300 is based off the graphic novel of the same name by Frank Miller (which I haven’t read myself). This movie is quite straightforward and simple: lead character Leonidas leads 300 Spartans against the Persian Army. Not to say that this movie is any lesser because of this, really it’s all done rather well. Despite the amount of scenes filled with screaming and exposed muscular men stabbing each other repeatedly, it’s not just a shallow and violent movie, it does have some emotion and drama behind it, so that you care about what’s going on, instead of just watching a bloodfest.
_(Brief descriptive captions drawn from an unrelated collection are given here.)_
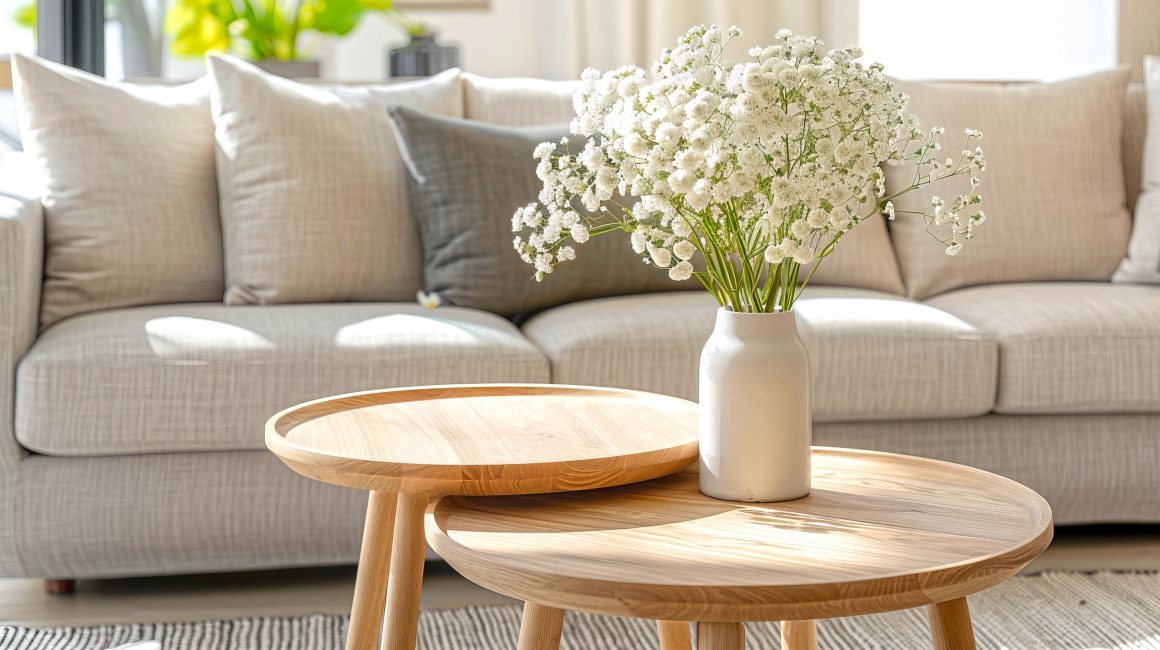 Canapé beige clair, coussins et tables basses en bois incluant vase blanc avec fleurs blanches.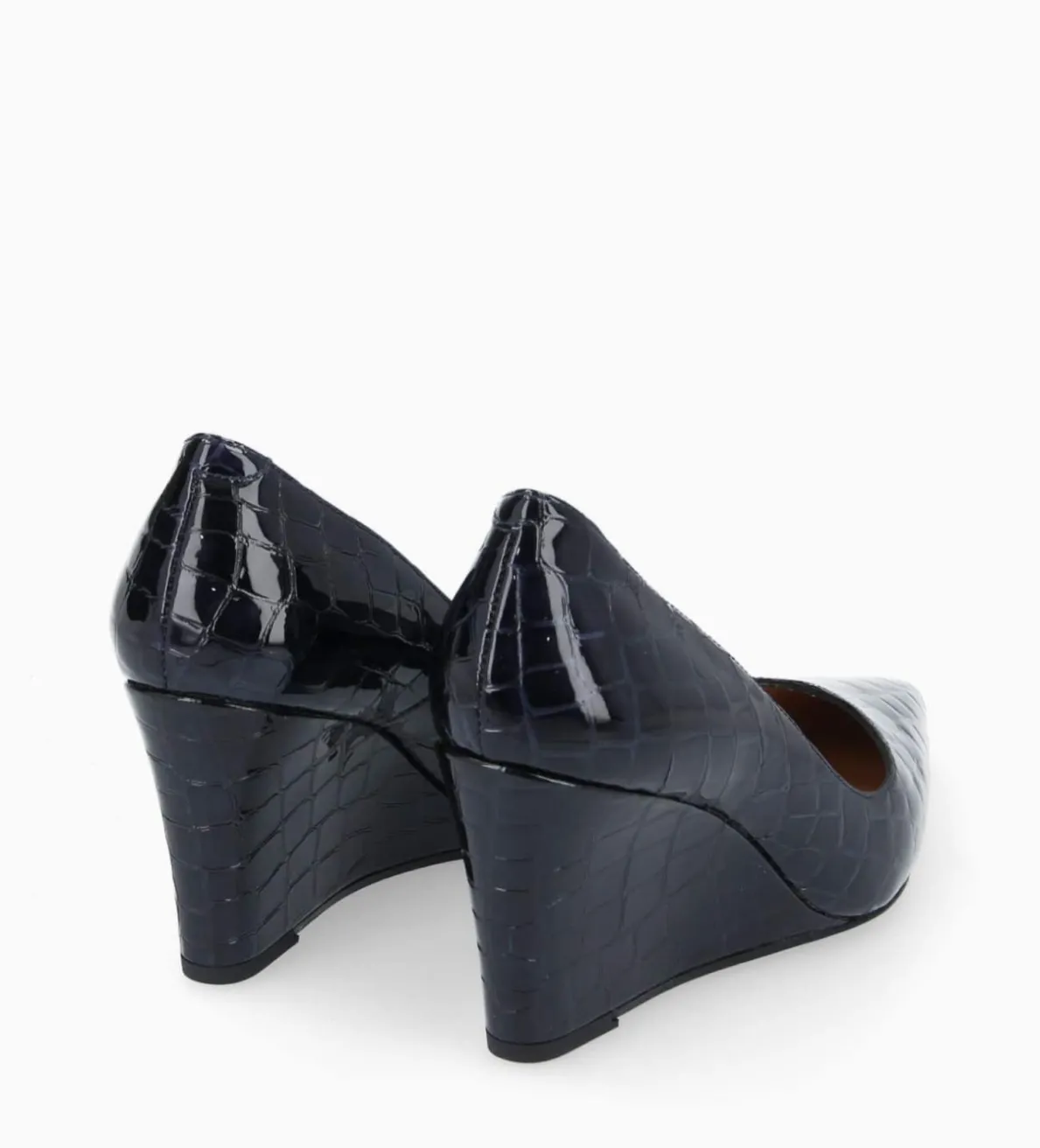 Outlet FREE LANCE Paris Escarpin à talon compensé à bout pointu - Francesca 70 - Cuir imprimé crocodile verni - Bleu nuit Bleunuit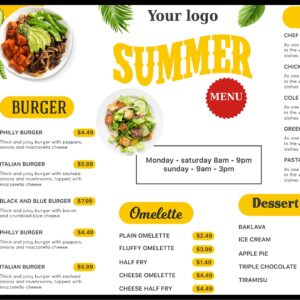 summer cafe menu design template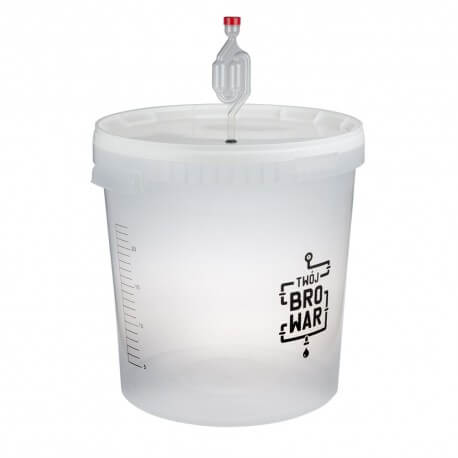 Transparent fermentation bucket 33L with airlock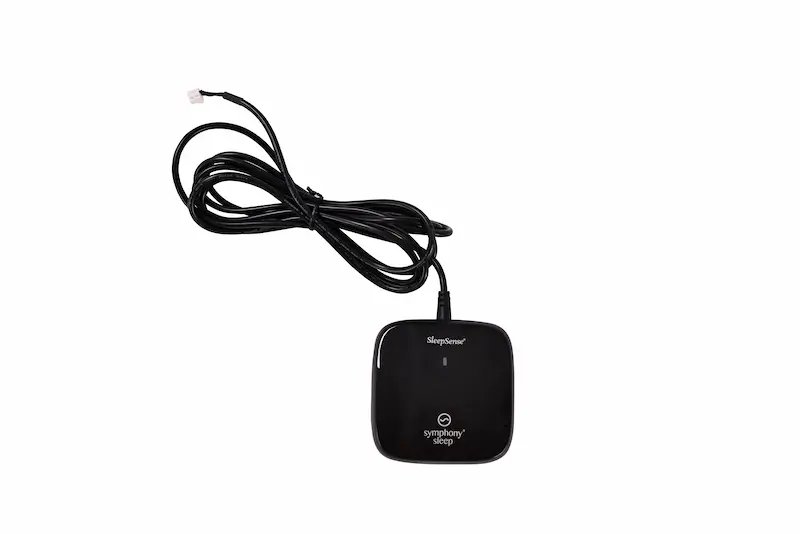 Black SleepSense Microphone by Symphony Sleep with coiled wire connection.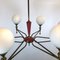 Large Vintage Italian Red and Gold Chandelier from Stilnovo, 1950s, Image 2
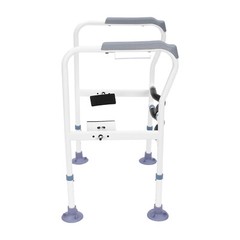 Adjustable Toilet Safety Rails for Seniors Handicap 440lbs w/ Anti-slip Armrest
The acting generally is quite good. Gerard Butler was well suited for his role of King Leonidas. His performance of course does have some ham to it (I don’t even need to get into the “This is Sparta” bit) but it really works for the movie, and just makes it more entertaining. It’s undoubtedly a very memorable performance and it was perfect for what it needed to be. Lena Headey was also great in her screentime as Queen Gorgo. Apparently in the comic book, Gorgo only appeared in the beginning and in the movie they expanded her role much more. While she’s not in large battle scenes like Leonidas and the Spartans, she still gets to play a part in the story, and Headey of course plays it all really well. Rodrigo Santoro was a good villain, he’s quite larger than life but something about his performance works for his character (given that he believes he’s a god), and he’s really effective as a hateable character. Other supporting actors like David Wenham and Michael Fassbender also good, and get to shine in some particular moments.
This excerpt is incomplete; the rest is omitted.